Captioned web images

* * * * * * *

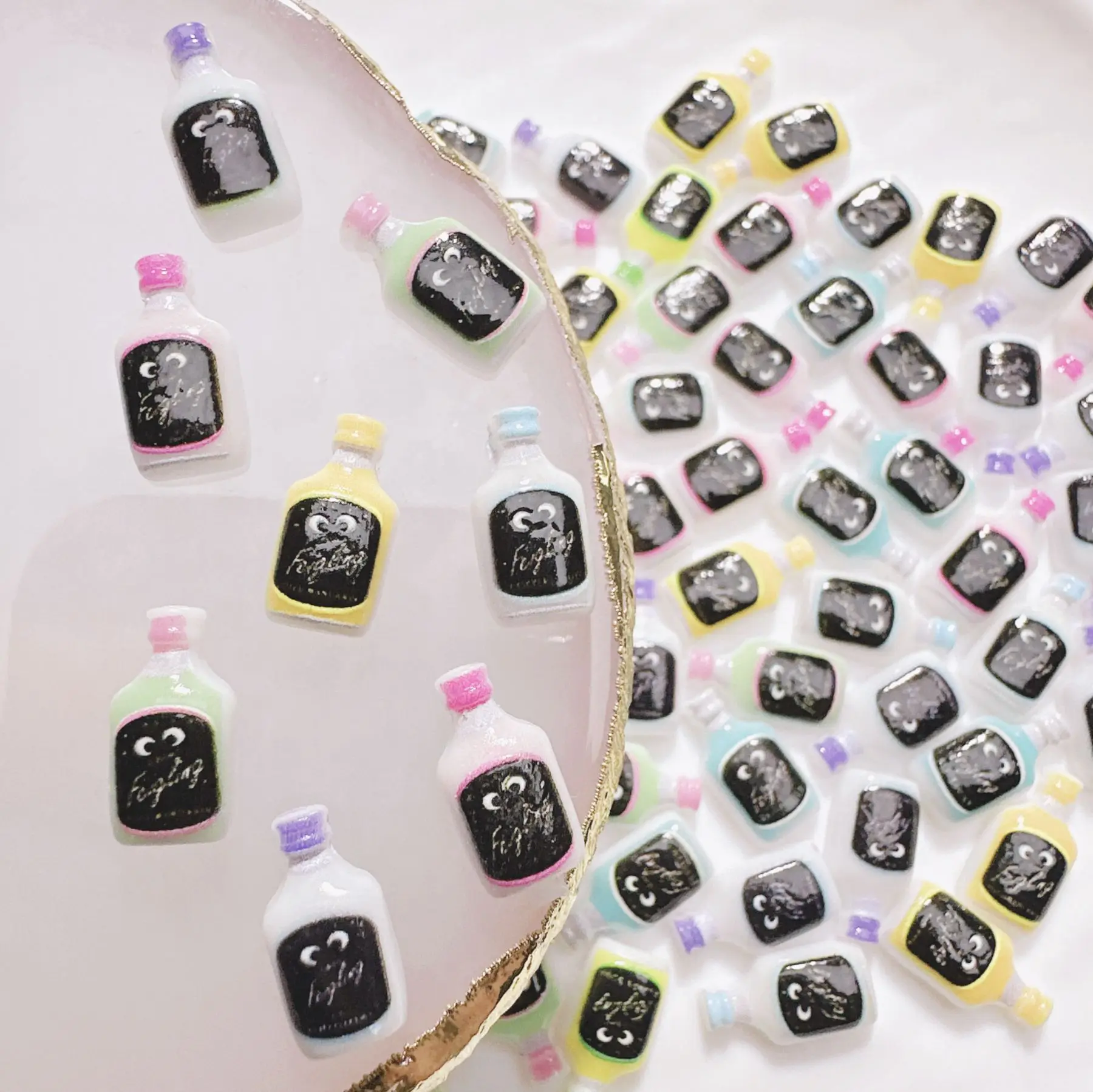 100Pc 7×13mm Mini Whiskey Bottle Nail Charms - Quirky Black Face Resin Nail Art Unique Press-On Nail Decor for Playful Manicures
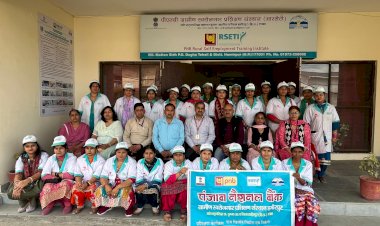 आरसेटी में 28 महिलाओं ने सीखे खिलौने बनाना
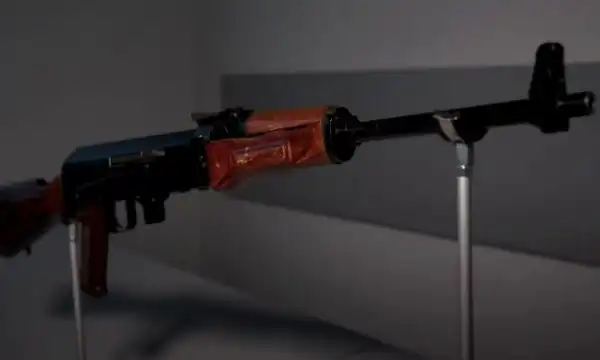 Безгильзовый автомат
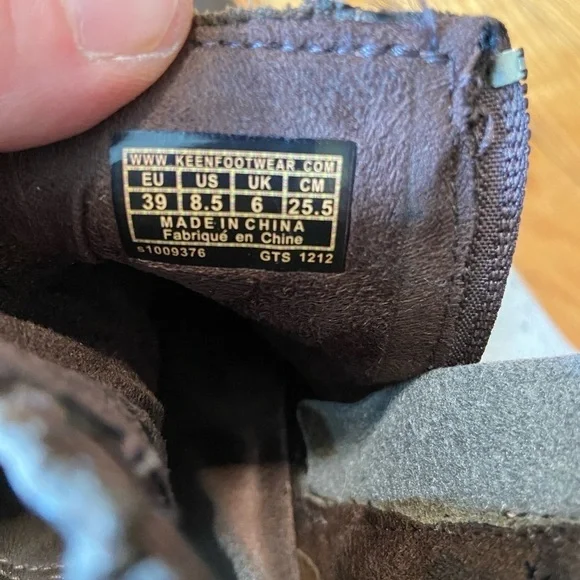 Keen wedge, newbuck booties 8.5 - Picture 7 of 9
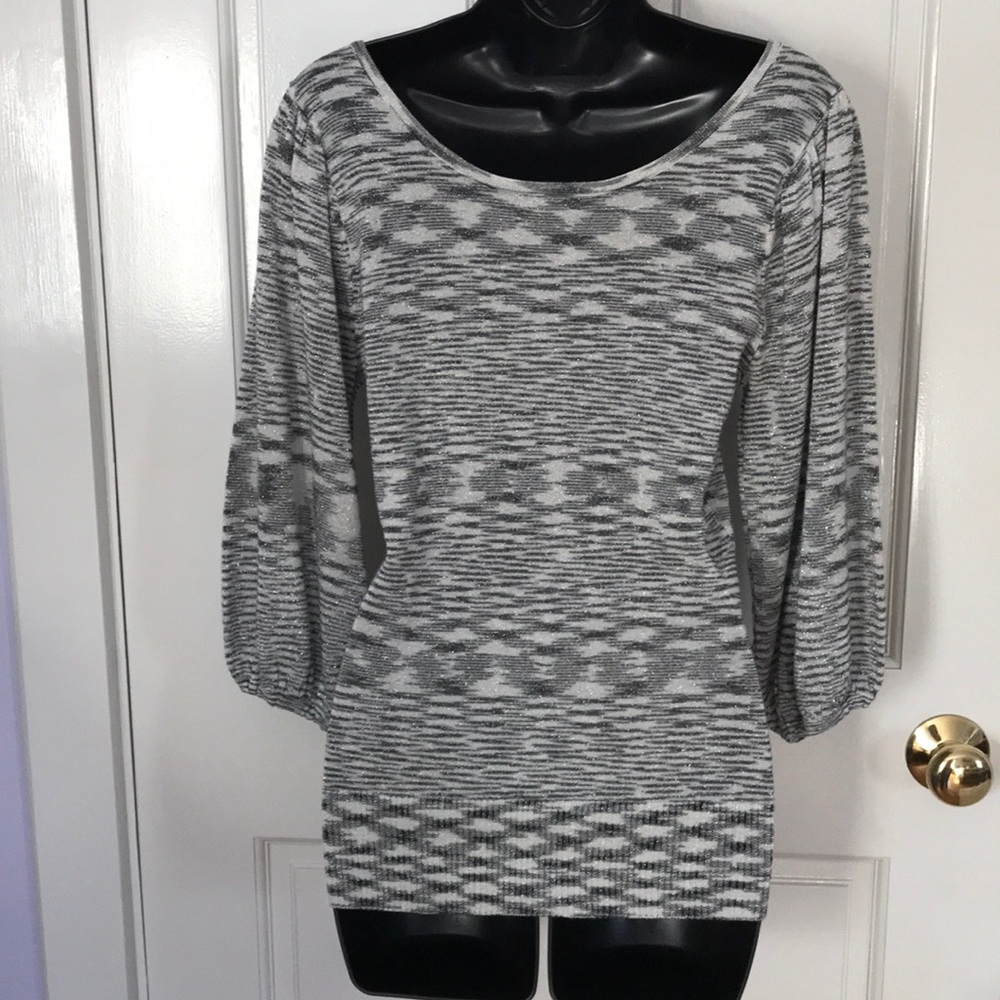 Ladies Top - Picture 4 of 5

* * * * * * *

● **Work instructions**: Only what runs from the line containing "आरसेटी में 28 महिलाओं ने सीखे खिलौने बनाना" through the end of the entries above should be extracted, exactly and without pictures.

● **Response for this exercise**:
 आरसेटी में 28 महिलाओं ने सीखे खिलौने बनाना
 Безгильзовый автомат
 Keen wedge, newbuck booties 8.5 - Picture 7 of 9
 Ladies Top - Picture 4 of 5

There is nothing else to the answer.